### SOURCE MATERIAL ###

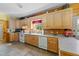 Functional kitchen featuring ample cabinets, laminate countertops, and white appliances at 407 Howard Tant Rd, Zebulon, NC 27597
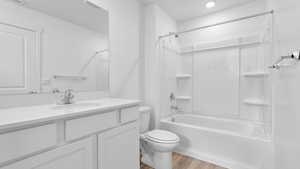 Bathroom with toilet, shower / bathing tub combination, recessed lighting, wood finished floors, and vanity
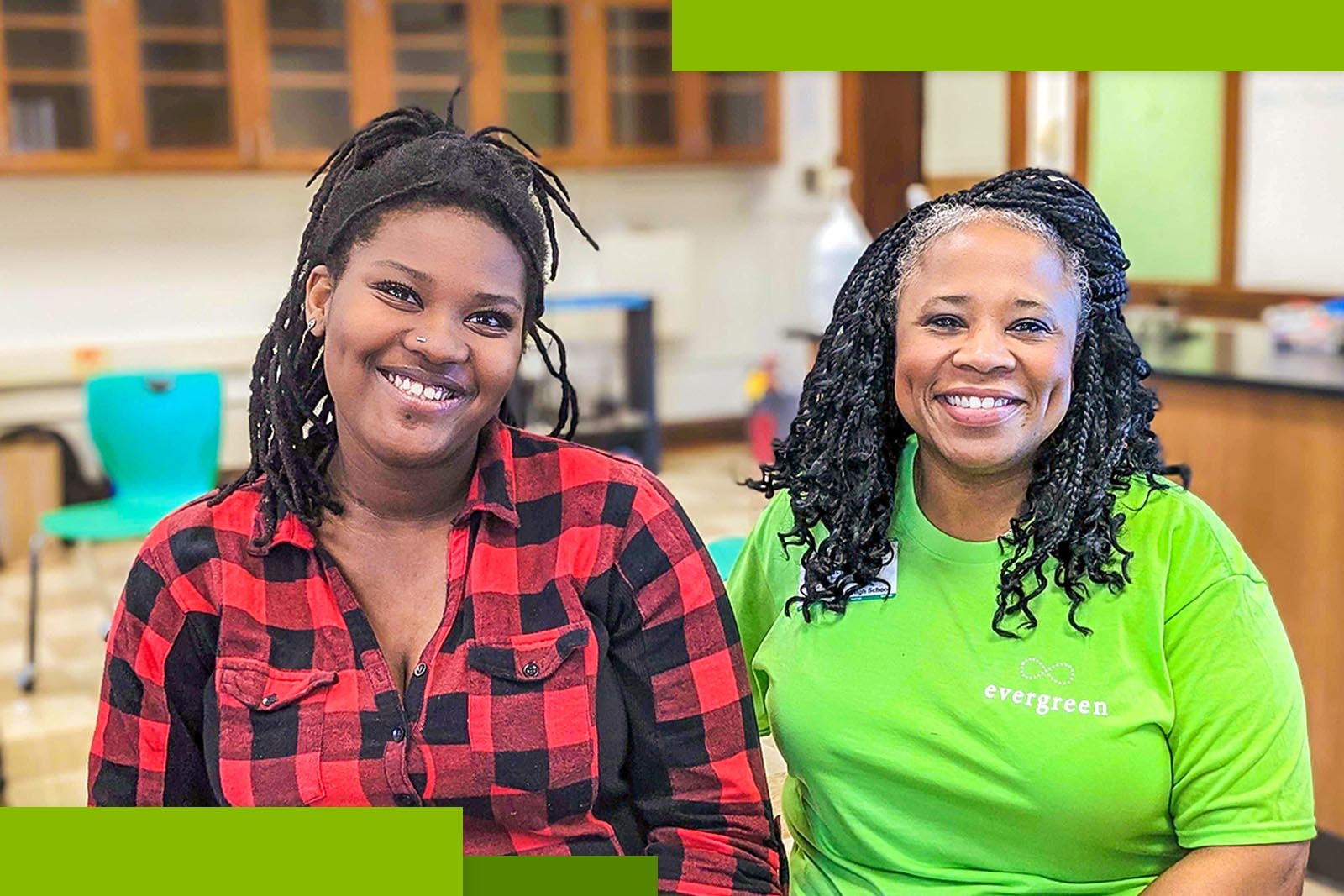 two women smiling at the camera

###

- WORK INSTRUCTION: Each line of the data above should be reproduced without alteration, and no picture should appear in the copy.

- EXPECTED ANSWER:
 Functional kitchen featuring ample cabinets, laminate countertops, and white appliances at 407 Howard Tant Rd, Zebulon, NC 27597
 Bathroom with toilet, shower / bathing tub combination, recessed lighting, wood finished floors, and vanity
 two women smiling at the camera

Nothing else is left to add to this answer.